Saved entries:
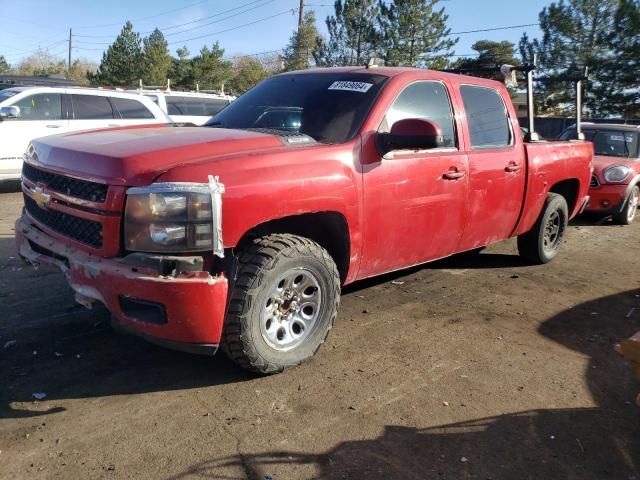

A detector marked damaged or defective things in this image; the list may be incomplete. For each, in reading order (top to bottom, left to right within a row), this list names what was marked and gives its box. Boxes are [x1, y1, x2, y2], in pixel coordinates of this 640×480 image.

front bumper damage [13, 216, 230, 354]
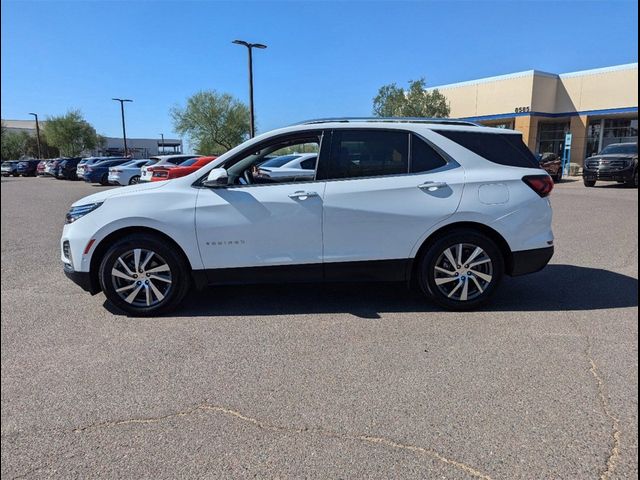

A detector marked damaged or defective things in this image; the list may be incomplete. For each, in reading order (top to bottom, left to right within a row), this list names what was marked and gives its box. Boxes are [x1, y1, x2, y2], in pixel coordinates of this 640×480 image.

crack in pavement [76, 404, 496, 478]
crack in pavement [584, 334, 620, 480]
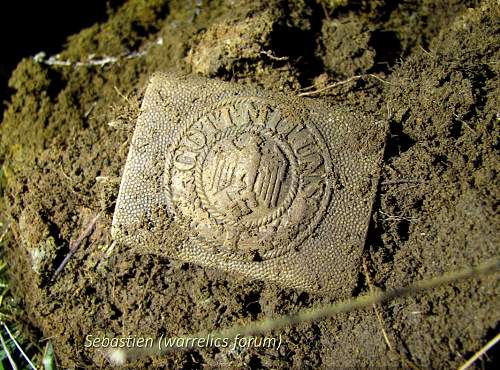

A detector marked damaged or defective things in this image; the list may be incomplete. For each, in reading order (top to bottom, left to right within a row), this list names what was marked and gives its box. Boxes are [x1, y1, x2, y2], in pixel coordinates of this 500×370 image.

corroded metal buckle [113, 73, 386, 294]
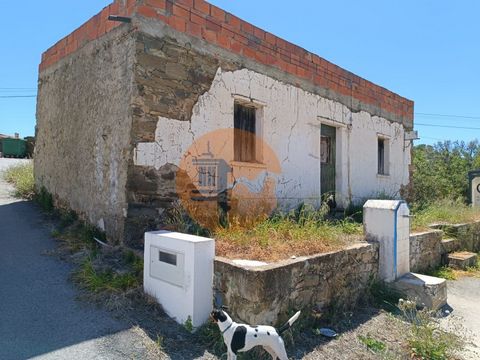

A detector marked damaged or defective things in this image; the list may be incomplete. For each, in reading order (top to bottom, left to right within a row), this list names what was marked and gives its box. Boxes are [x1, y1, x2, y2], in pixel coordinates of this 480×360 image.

- EXERCISE -
Apart from the pictures, all of the data must be duplicated exactly as shown above.

- SOLUTION BELOW -
A detector marked damaged or defective things in this image; the list may be incomplete. For each, in reading order (top to bottom, left to right within a row), this list names what was marked and gives its box. Boxes are [x1, y1, x2, y2], in pixel coordinates of this 640×480 image.

front bumper damage [13, 216, 230, 354]

A detector marked damaged or defective things in this image; the list may be incomplete. For each, in reading order (top to bottom, left to right within a row), this list names what was marked and gives its box. Boxes are [x1, y1, x2, y2], in pixel coordinates of this 640×480 image.

crack in pavement [76, 404, 496, 478]
crack in pavement [584, 334, 620, 480]

A detector marked damaged or defective things in this image; the list may be incomplete. For each, in reading order (top to bottom, left to right within a row), this list names what was marked and gives its box. Boxes are [x1, y1, x2, y2], in pixel coordinates of this 500×370 image.

corroded metal buckle [113, 73, 386, 294]

A detector marked damaged or defective things in this image; the list may be incomplete. For each, in reading order (top to bottom, left to right within a row), this list names what was marked and gives its box. Boxes are [x1, y1, x2, y2], in pixel coordinates of this 480×360 image.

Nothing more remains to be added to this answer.